La parola d’ordine è: semplificare al massimo. Davanti al caos organizzativo, alle ricette fai-da-te proposte dalle singole Regioni, ai paletti sulla privacy che limitano le scorciatoie possibili - per quanto proprio oggi il Garante sia intervenuto d’urgenza autorizzando la trasmissione di dati da scuole ad Asl con queste ultime che una volta ricevuto l’elenco degli iscritti a nidi, materne e scuole dell’obbligo provvedono a contattare le famiglie - le ministre dell’Istruzione e della Salute Valeria Fedeli e Beatrice Lorenzin sono corse ai ripari.

Una circolare congiunta interviene dunque con le indicazioni operative utili per l’anno scolastico 2017/2018. Nel provvedimento si ricordano le scadenze per la presentazione della documentazione: l’11 settembre (il 10 settebre, che compare nella legge, cade di domenica) per nidi e materne, incluse le scuole primarie non paritarie - e il 31 ottobre 2017. Ma, soprattutto, si punta ad «agevolare le famiglie nell’adempimento degli obblighi vaccinali». E «favorire un positivo rapporto scuola-famiglia in fase di prima attuazione della normativa». Come? Sdoganando al massimo il ricorso all’autocertificazione. «La richiesta di vaccinazione - spiegano dai due ministeri - potrà essere effettuata anche telefonicamente (purché la telefonata sia riscontrata positivamente, con un appuntamento fissato), inviando una mail all’indirizzo di posta elettronica ordinaria (PEO) o certificata (Pec) di una delle Asl della regione di appartenenza o inoltrando una raccomandata con avviso di ricevimento.
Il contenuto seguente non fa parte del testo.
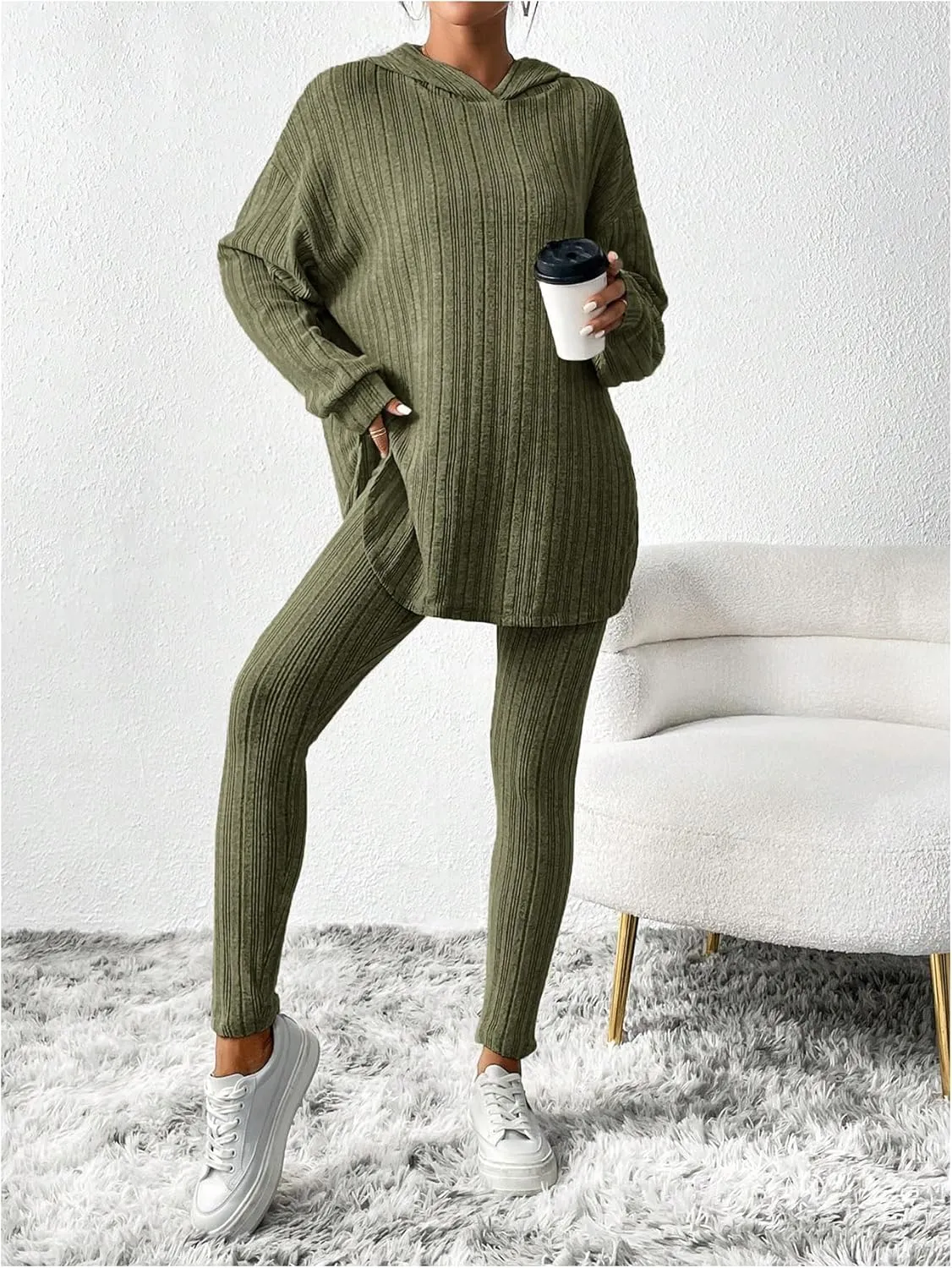 MakeMeChic Women's Casual Ribbed Knit 2 Piece Sets Lounge Sets Long Sleeve Hoodie Leggings Outfits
In tutti questi casi, e solo per l’anno scolastico 2017/2018, in alternativa alla presentazione della copia della formale richiesta di vaccinazione si potrà autocertificare di aver richiesto alla Asl di effettuare le vaccinazioni non ancora somministrate».

In caso di autocertificazione, la circolare conferma che la certificazione comprovante l’avvenuta vaccinazione dovrà comunque essere prodotta entro il 10 marzo 2018. Altrimenti, il minore «non potrà più accedere ai servizi», fino alla presentazione della documentazione richiesta. «È molto rischioso dare deroghe o proroghe, perchè così si lascia aperta un’area di rischio che colpisce i più deboli», ha tenuto a sottolineare la ministra Lorenzin. «Proprio questo ci ha spinto a prendere provedimenti seri e duri negli ultimi mesi».
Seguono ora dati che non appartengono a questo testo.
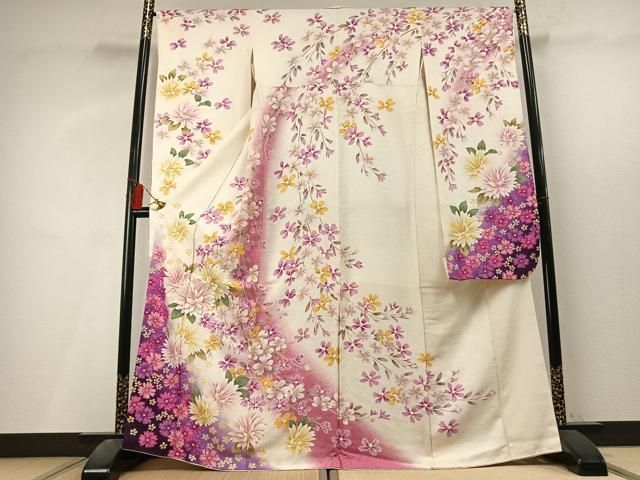平和屋着物●豪華振袖　刺繍　草花文　暈し染め　金糸　銀通し地　正絹　逸品　AABL3391fy 27,885円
Intanto, scuole, Asl e famiglie con l’autocertificazione avranno l’occasione per una bella boccata d’ossigeno. Ad accompagnare i genitori nella scelta saranno anche campagne di comunicazione: «Bisogna lavorare molto e sarà attuata una campagna di comunicazione che durerà per tutto l’anno», ha affermato a questo proposito la titolare della Salute.